# Robotic Technician/Automation Technician



## JohnnyTK (Jun 5, 2021)

After watching CalgaryPT build his lawnmower and pondering what I wanted to do for a while in regards to hobby and possible future job change. Decided to take a robotics technician course and then possible automation course. Any members here involved in these areas?


----------



## Tomc938 (Jun 5, 2021)

No.  But I haver a friend who is.  Works at Inuktun Services in Nanaimo.  Loves his job.


----------



## CalgaryPT (Jun 5, 2021)

I think that's a great decision. I started out in engineering as I loved both the electrical and mechanical aspects of things. (Never stayed there because I loved the technical/hands on aspect as opposed to the theory). But if I were younger I'd be right there next to you in class for robotics. It's a terrific combination of skills and fun in my mind, as well as being a growth area if I've ever seen one. 
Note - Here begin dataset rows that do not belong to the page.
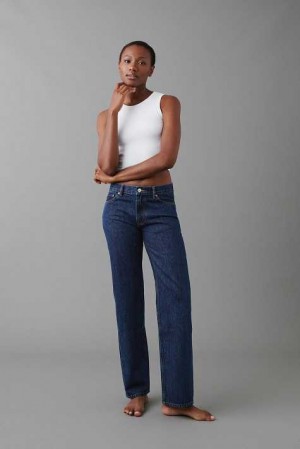 Blue Women Gina Tricot Low Straight Petite Jeans | 84VIGWPZA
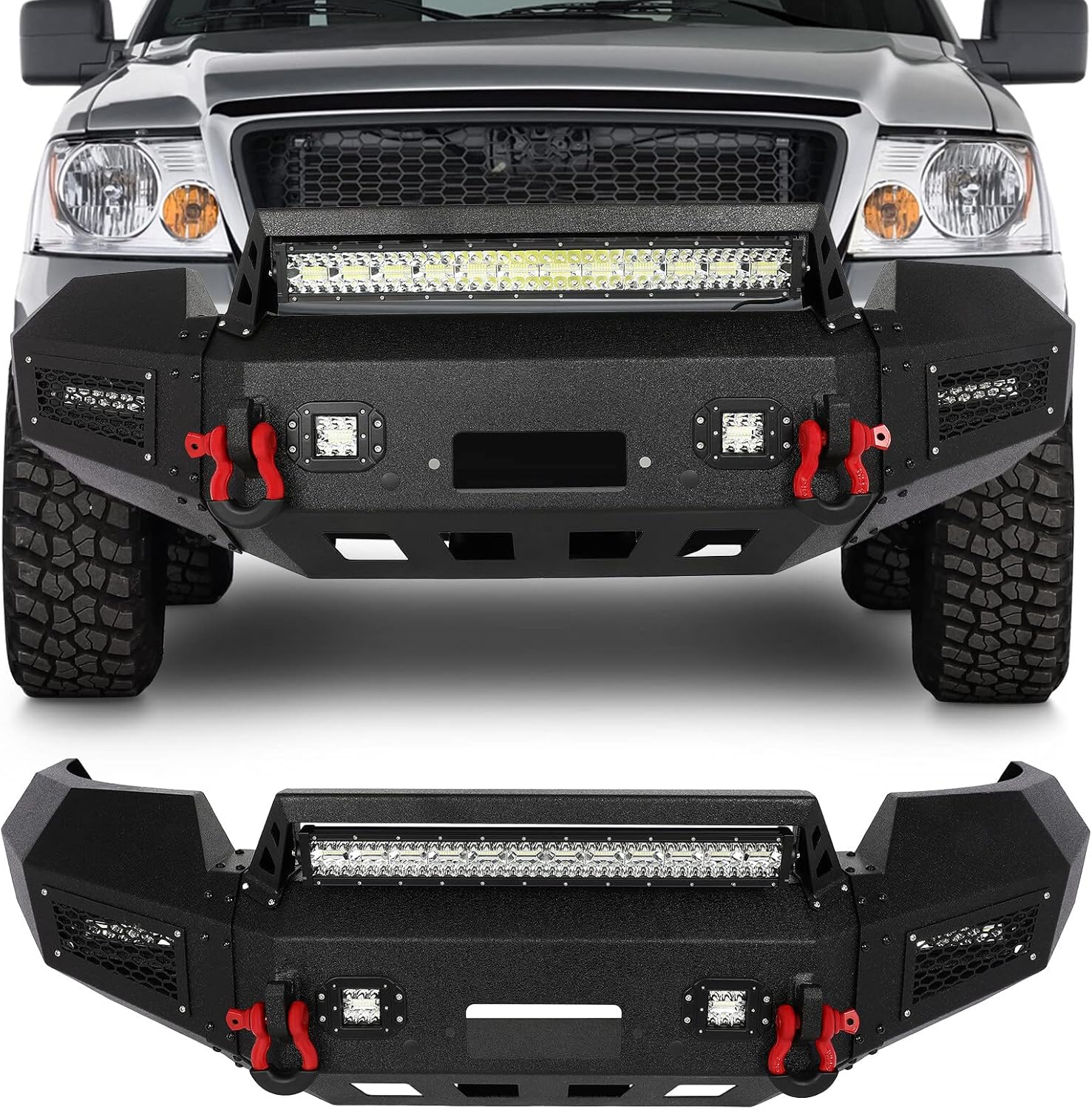 Front Bumper Replacement Fit for 2004-2008 for Ford for F-150 with LED Lights D-rings Winch Plate Off-Road Style Black Texture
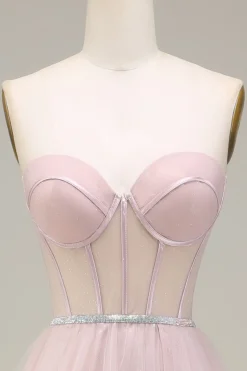 Tulle A Line Strapless Light Pink Corset Prom Dress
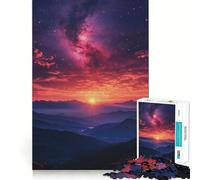 Puzzle de 1000 pièces Lever de Soleil sur Les Montagnes avec Galaxie pour Adolescents, Jouet Intelligent, Loisirs, découpe précise, Cadeau de Saison 38x26cm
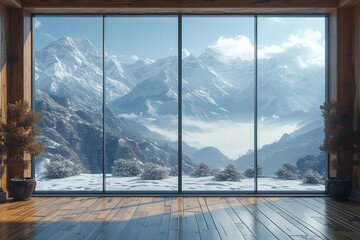 A cozy indoor retreat offers stunning views of the majestic snowy mountains, with wispy clouds dancing across the vast sky and reflecting in the expansive windows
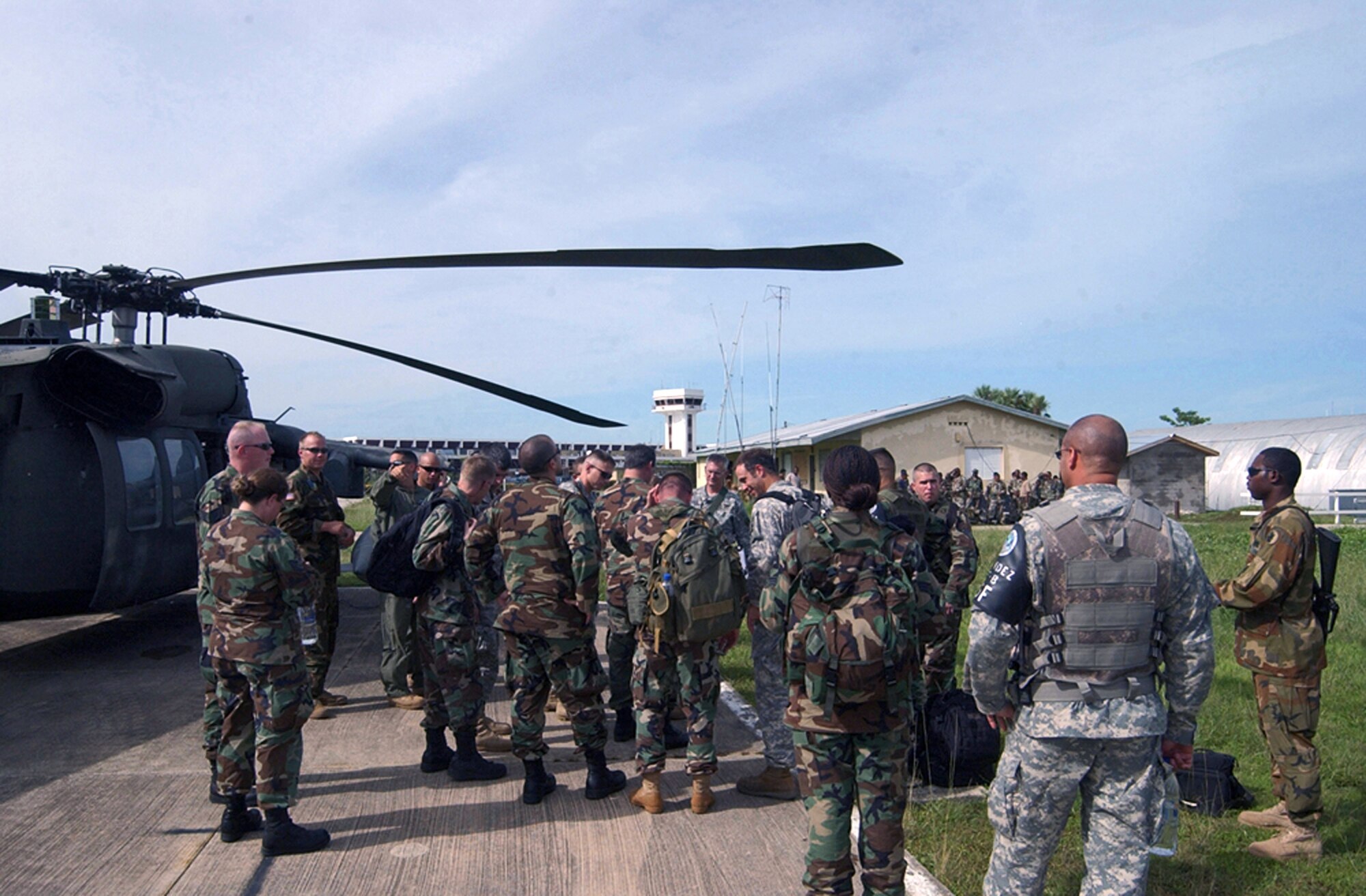 Approximately 20 Soldiers and Airmen from Joint Task Force-Bravo at Soto Cano Air Base, Honduras, deployed to Belize City, Belize, as part of an initial assessment team following Hurricane Dean Aug 21. The team comprises a security detail, medics, engineers, search and rescue assets and communications specialists. (U.S. Air Force photo/Tech. Sgt. Sonny Cohrs)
I saw a really interesting interview with someone famous once (maybe Gates or Musk), who said that the best and most creative minds in robotics are in people who have come to it as a second career choice yet are passionate learners. His logic was that you need to be young enough to want to learn voraciously and continuously (programming languages and electronics), but experienced enough to understand mechanical limitations and that simplicity of design must drive autonomous engineering and repair. 

He then made a joke and said that the ideal robotics worker was 1/3 Programmer, 1/3 Mechanical Engineer, 1/3 Electrical Engineer and 1/3 Laid Back. Then he said if can't spot the problem with this sentence, the industry isn't for you.


----------



## 6.5 Fan (Jun 5, 2021)

When i hear robotics i remember the Big Bang episode where Wolowitz used his robotic arm for personal pleasure.


----------



## PeterT (Jun 5, 2021)

JohnnyTK said:


> Decided to take a robotics technician course and then possible automation course.



Where are these offered?


----------



## JohnnyTK (Jun 6, 2021)

PeterT said:


> Where are these offered?



George Brown College Distance Learning. If you do not want a certificate but want the whole course with all the simulators, then just take the first module with test and it unlocks the complete program. They have a few like Robotics. Electromechanical, Electronic, Automation, PLC technician courses. They have an audit option which I believes unlocks them also for less cost. I having taken other courses on main campus, but they did not offer this course part time.


----------



## Tom O (Jun 6, 2021)

Paul‘s website is chock full of instructional insight.
https://toptechboy.com/arduino-lessons/


----------



## Tomc938 (Jun 6, 2021)

North Island College in Campbell River is where my friend studied.  He had a job before he was finished classes.


----------